To Thy Own Self, Do Not Be Truest

It’s incredibly exhausting to be happy all the time.

People just don’t get it, and that means you end up in a state of performance for a good portion of your life.

“All the world’s a stage, and we are merely players.”

Showing off my Team in Training practice jerseyI get that.

I look back and recall Brian being upset because he didn’t get the same spunky Angie that others did. We shared the private intimate space of a couple, and thus he really knew me.

 

Why did I leave Microsoft?*

Because my manager was found guilty of sexual harassment on multiple accounts: one of which was harassing me, another was of harassing a girl who worked on our team after I had (in the end with the help of another female co-worker/manager on the team) shut him down.

* Edited to stop protecting the not so innocent. I’m sorry Mackenzie. I should have realized it wouldn’t have been just me.

Wayne Smith, Microsoft 2008

How did it happen?

Gump asked me to report to “The Brit” in the “new org”. Professionally, I found The Brit brilliant. But I told Gump I wouldn’t be comfortable, and kept my mouth shut about why. I don’t know why he waited so long to push for why, but for weeks the “new org” was held up apparently by me.

Eventually Gump pushes and I explain how he made me feel uncomfortable, which was tolerable as a peer, but I couldn’t report to him since it was already a problem. I recall mentioning how my mother would look at the situation, and then feeling embarrassed for raising my mother’s perspective in defense of my own.

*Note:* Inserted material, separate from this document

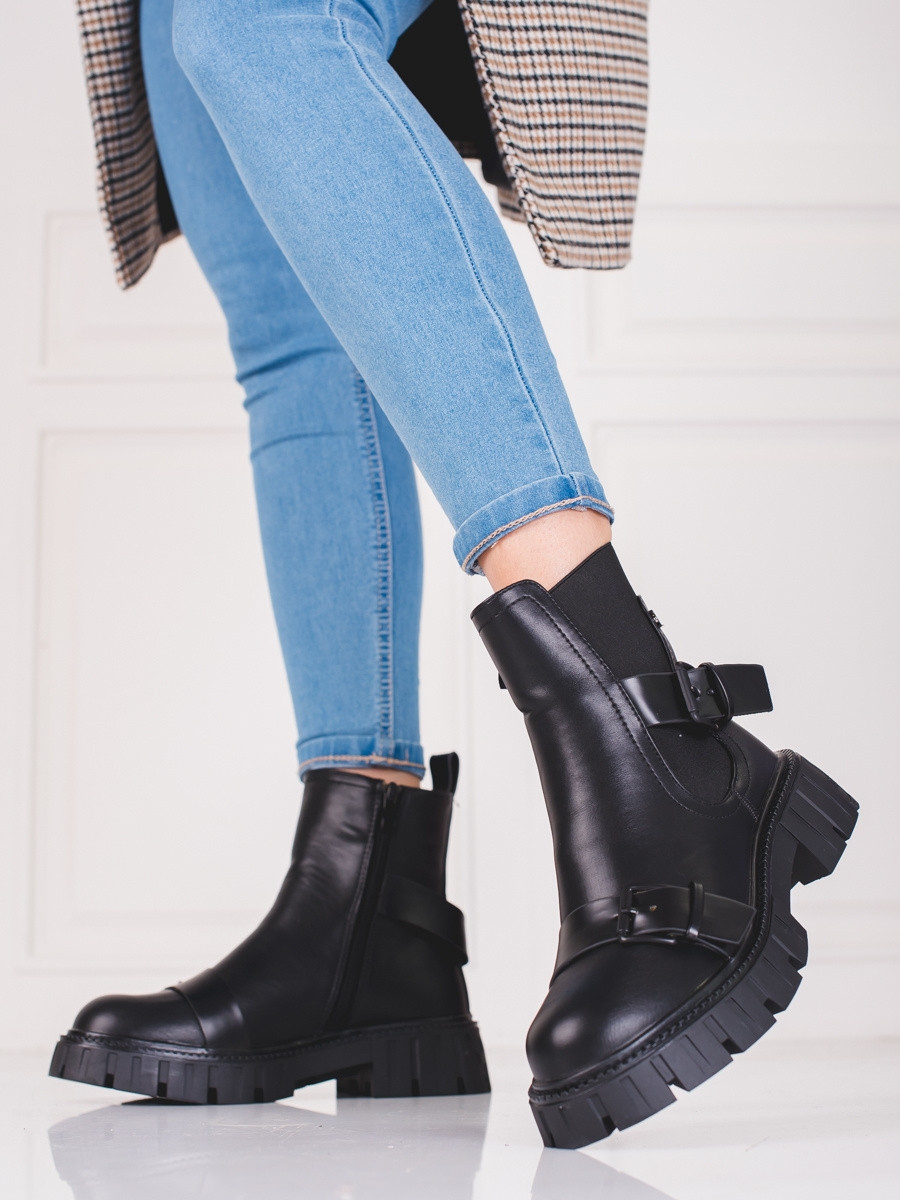 Krásné kotníčkové boty dámské černé na plochém podpatku 36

That’s where Gump then explains to me about European culture set against our American (puritan) cultural backdrop. I was insulted. I had traveled to Europe, and I had already run from European rapists.

Gump said he’d send The Brit to “sensitivity” and “management” training classes, to make him U.S. Corporate Office ready, and let me work from Rome with UW over the summer.

You’ll find it ironic then that the man who then reported that The Brit was harassing me was also from the U.K.

My friend walked into my office and caught something on my screen in an email from The Brit.

Microsoft found The Brit guilty, but also, on the same report, found that his harassment did not affect my performance. How is that even possible?!—I’m not Super Woman.

That was that—just keep working and ignore the guy on the other side of your office wall.

I never asked for a raise at Microsoft.

“Angela left and went to Yahoo!”

My new manager told me it was SxSW or my job.

Bam. That was my first year at SxSW.

So I got a job, a raise, and left Microsoft and Seattle—Yahoo!

SXSWi08

And now you know the rest of the story.

Brian would have been the only person to see me slip from Angela, the “Spunky Gidget”, to one given to hypomanic states induced by psychoactive drugs, namely Clonazepam.

Unfortunately, he had a perspective of the unfairness. Like life was playing a cruel joke on him. They got the girl, and he got what was left over.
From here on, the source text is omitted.